Lamenting the fact that for most of her professional life she has played “an endless series of big, loud, opinionated old bags,” Walsh told the audience she came to the sudden realization that she has morphed into an amalgamation of those characters. “My volume control button drifted up on Deafen a few years ago and my internal thermostat is eternally stuck on Cremate. I’m hot and loud – more like a Caribbean carnival, really, than an actual human being.”
After taking shots at Sarah Palin (“I’ve seen brighter lights on small appliances”) and Stephen Harper (“Does PM stand for Prime Minister or Puppet Master?”), Walsh closed by imploring women in the audience to fight gender inequality. The time is ripe, she said “to rise up with our mothers and our daughters and our sisters out of the… pink ghetto and triumphantly break through that seemingly impermeable glass ceiling and finally take our place as equal partners.”
In the afternoon ceremony, Canada’s Auditor General, and McGill Class of ‘72 grad, Sheila Fraser didn’t garner as many laughs, but she did have some powerful words of advice.
“Even if your heart is set on a certain direction you should expect a few twists and turns along the way and I encourage you to embrace the unexpected,” she said, pointing to her own experience as a farm girl from Dundee, Quebec who came to McGill to study math, switched to commerce and ended up as one of the nation’s most influential people. “The twists and turns didn’t take me off course – they were an integral part of the journey.”

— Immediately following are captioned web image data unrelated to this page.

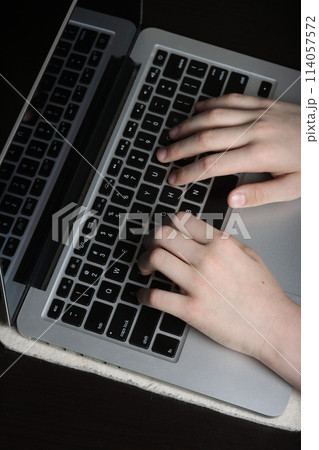 Detailed image of a young person's palms poised above a laptop keyboard, symbolizing proficiency in digital communication and computer usage. 114057572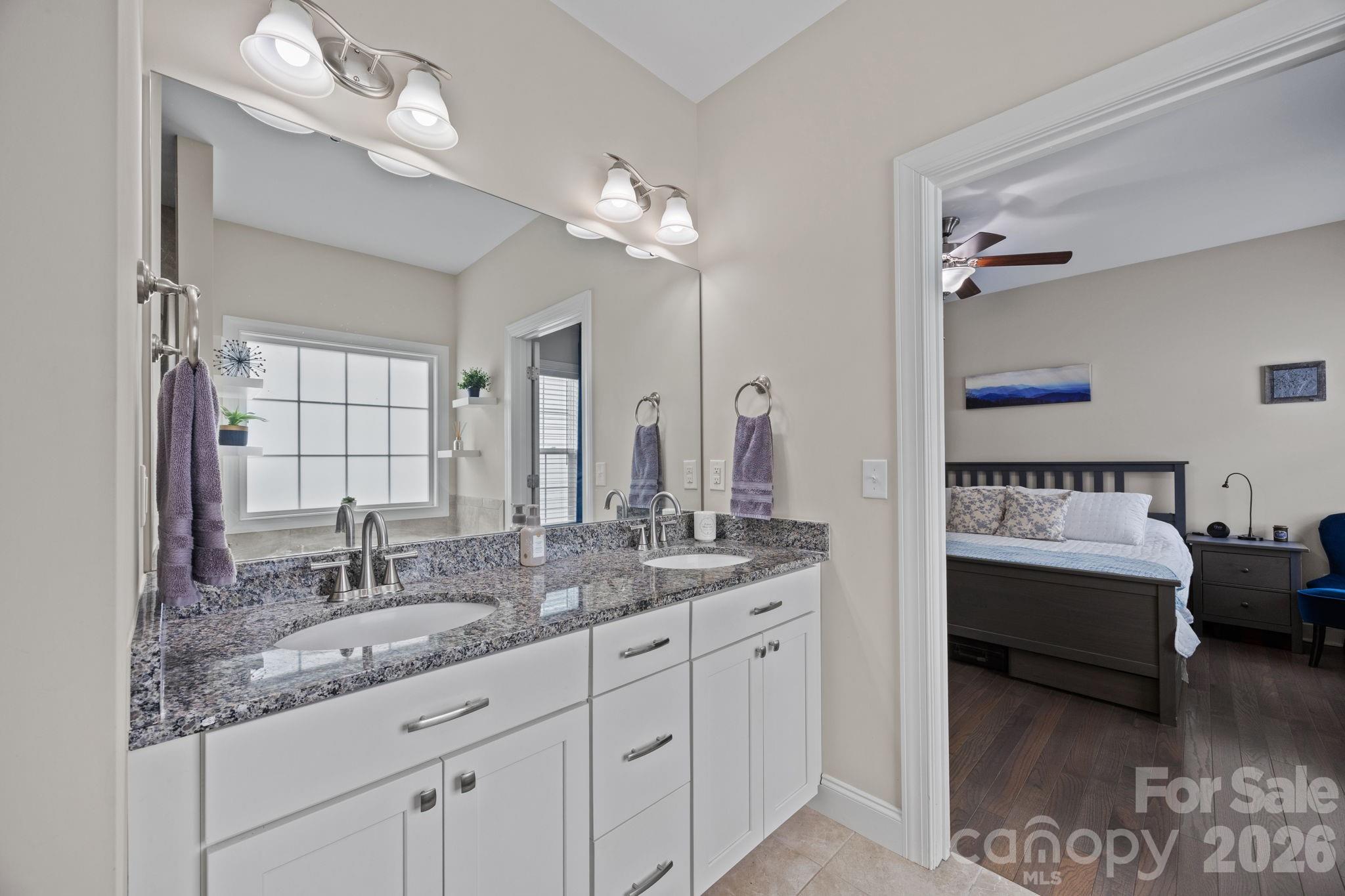 3 Dreambird Road Leicester, NC 28748 - Photo 28 of 48 a en suite bathroom with a granite countertop sink and a mirror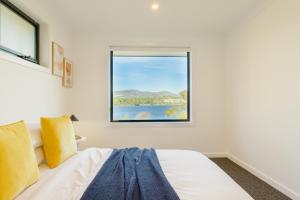 a bedroom with a bed and a window at Hobart 4-bedroom Spacious Waterfront House in Hobart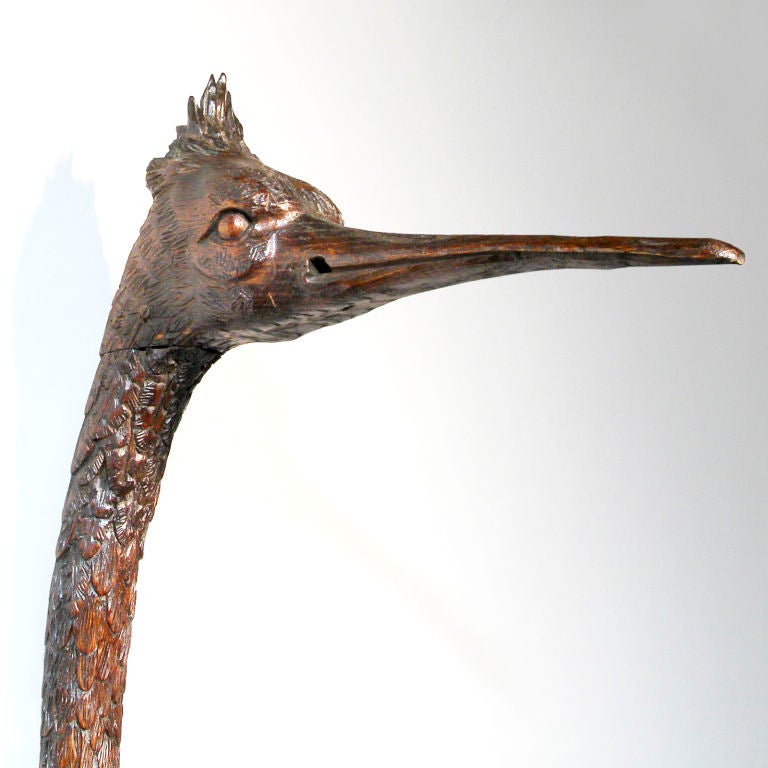 Finely detailed late 18th Century wood carving of a life-size pelican.  Intricately carved hardwood wall hanging showing the bird with wings spread and head aloft.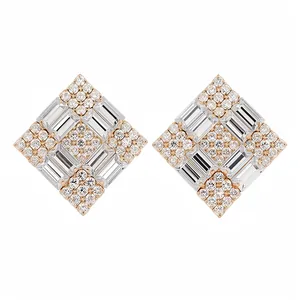 Luxurious sparkling baguette and round cut diamond rhombus stud earrings on white.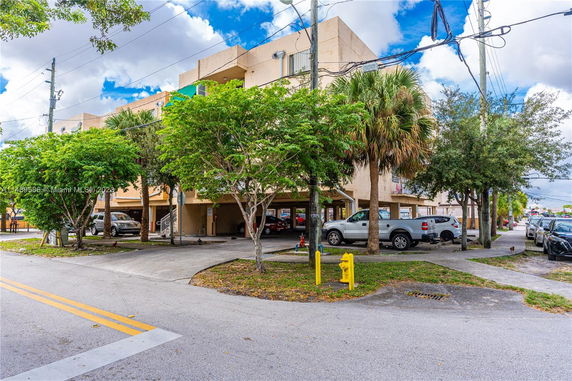 Outdoor parking area beneath a multi-story building with several vehicles parked.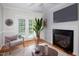 Dining area with fireplace, french doors, and comfortable seating at 4220 Hope Valley Road Rd, Durham, NC 27707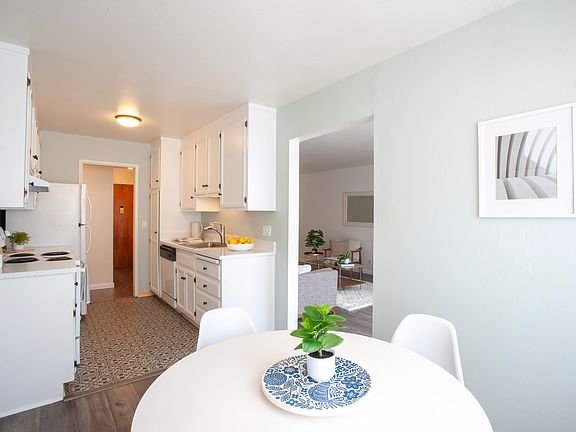 DIning area into kitchen and living room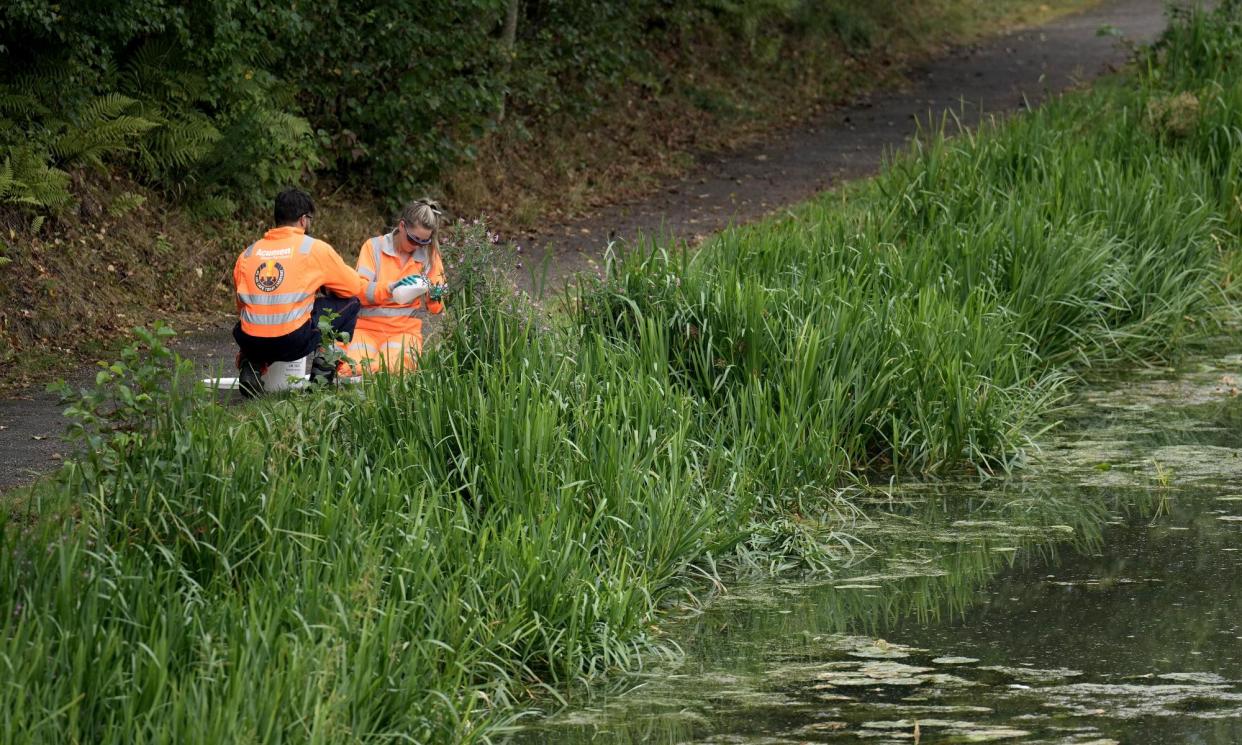 <span>Technicians take water samples from the canal after the pollution incident.</span><span>Photograph: Christopher Furlong/Getty Images</span>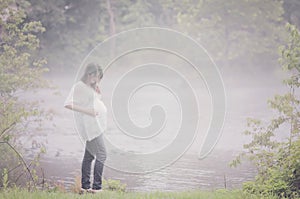 Pregnant woman by foggy river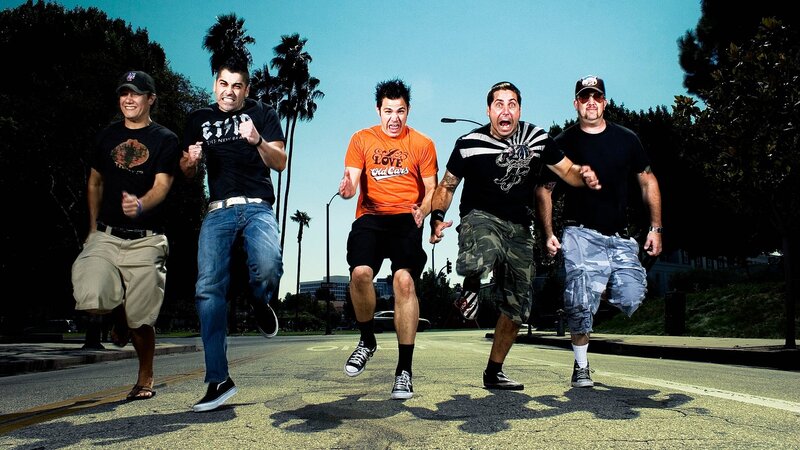 five men running on street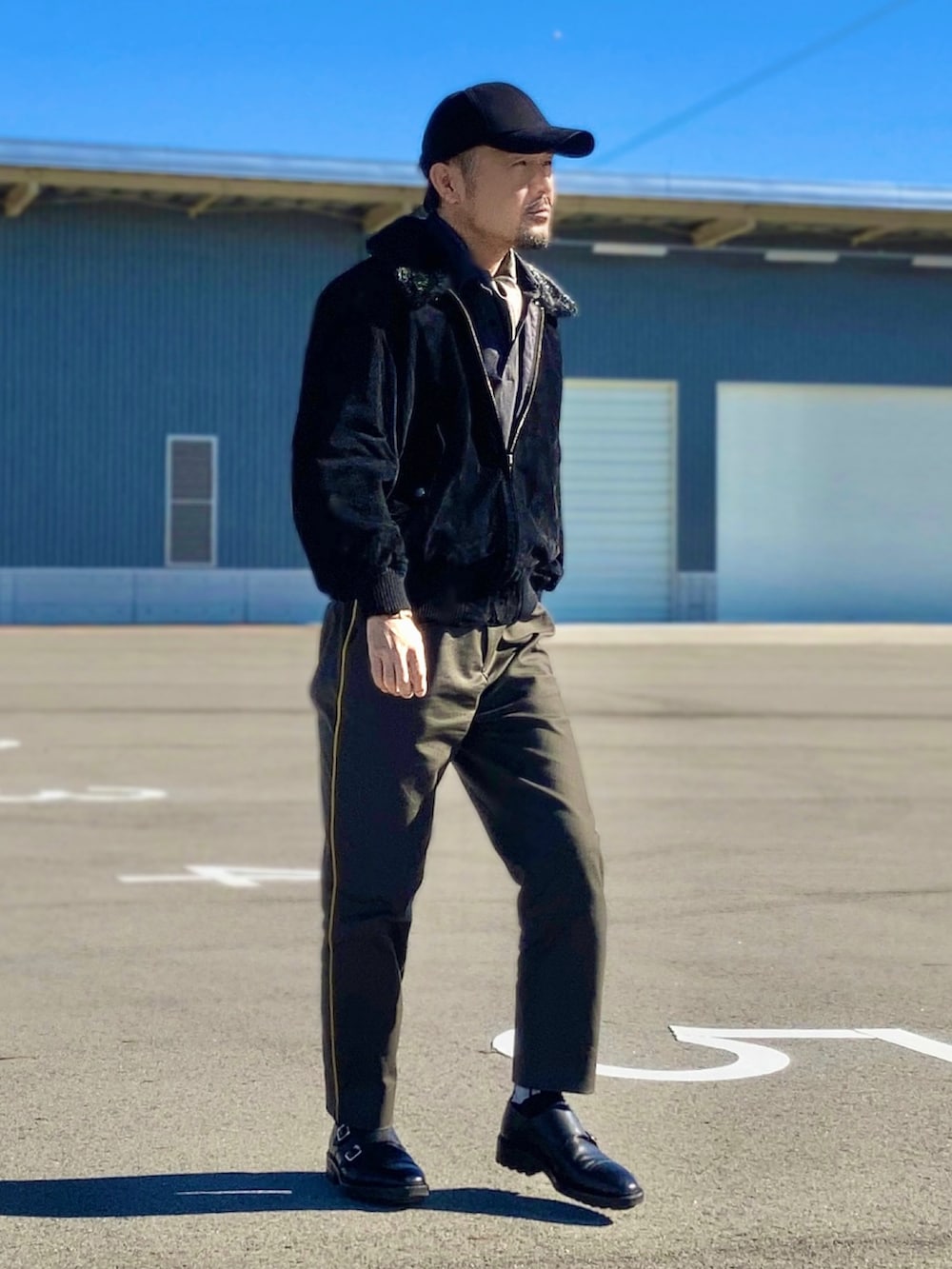 ブラック系のポロシャツ、ブラック系のブルゾン、グリーン系のスラックスを着用したメンズの秋コーディネートの2枚目の写真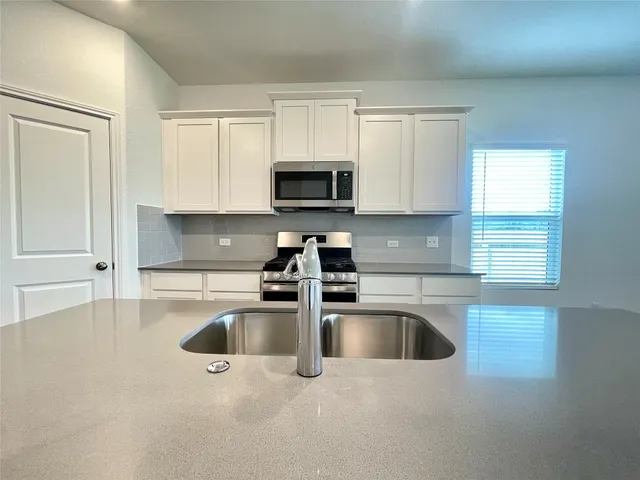 a kitchen with kitchen island a sink a stove and cabinets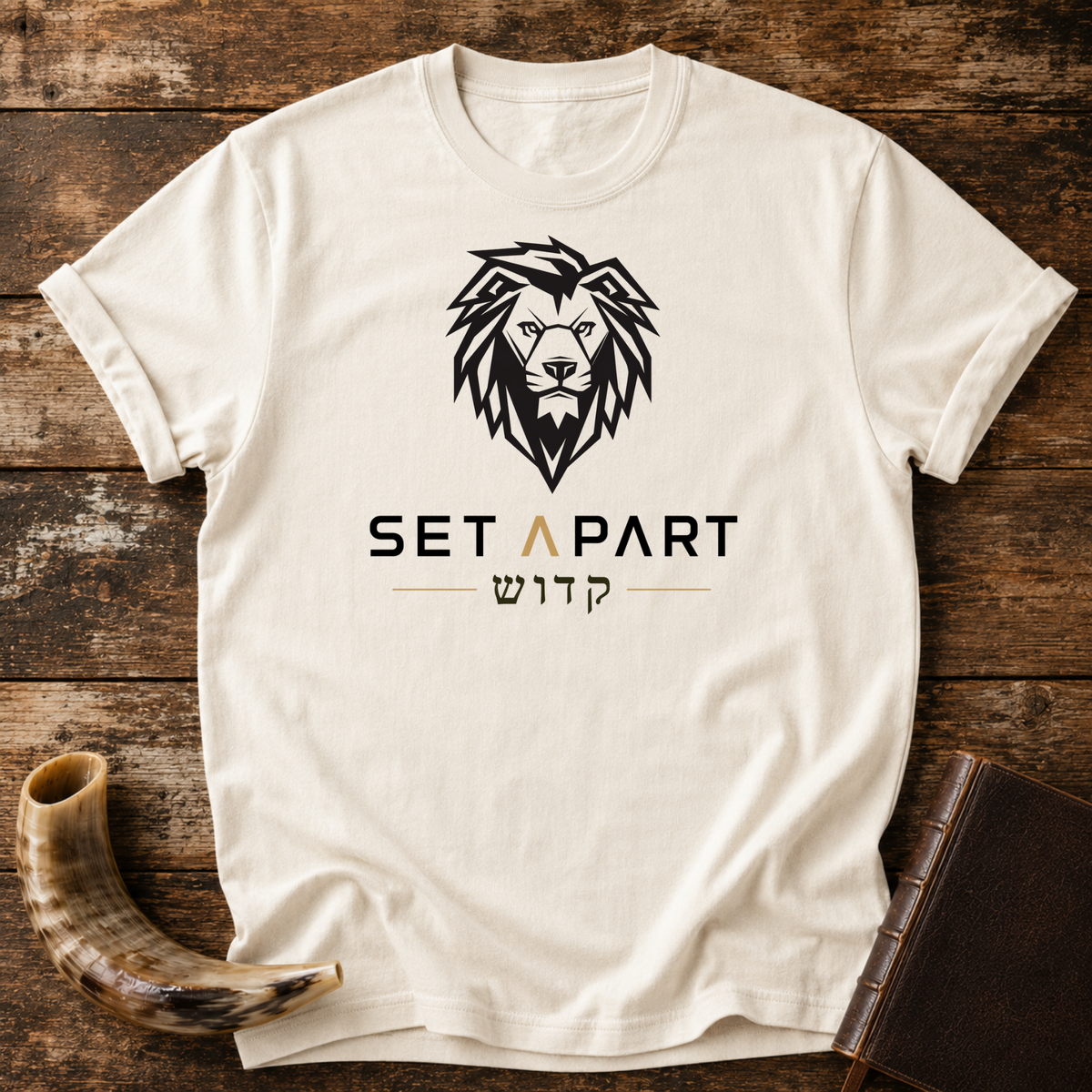 Natural cream t-shirt with a large black lion head above SET APART and Hebrew lettering, laid flat with a shofar and a leather book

Herself a fearless advocate of truth and integrity, Fraser advised the Class of 2008 to “muster your courage and stand up for what you believe is right even when you know it could make you the target of a good dollop of criticism.”
But Fraser reminded the audience that the most important thing to remember with regard to one’s professional life is that “work has to have more meaning than a paycheck every two weeks. Look for ways to tie what you do to a higher purpose, one that will inspire and motivate you.
“If you approach each day with the goal of remaining positive and determined, learning all you can, doing your best, holding fast to your values and believing in your own unique gifts, you won’t have to look for success. You will already be successful.”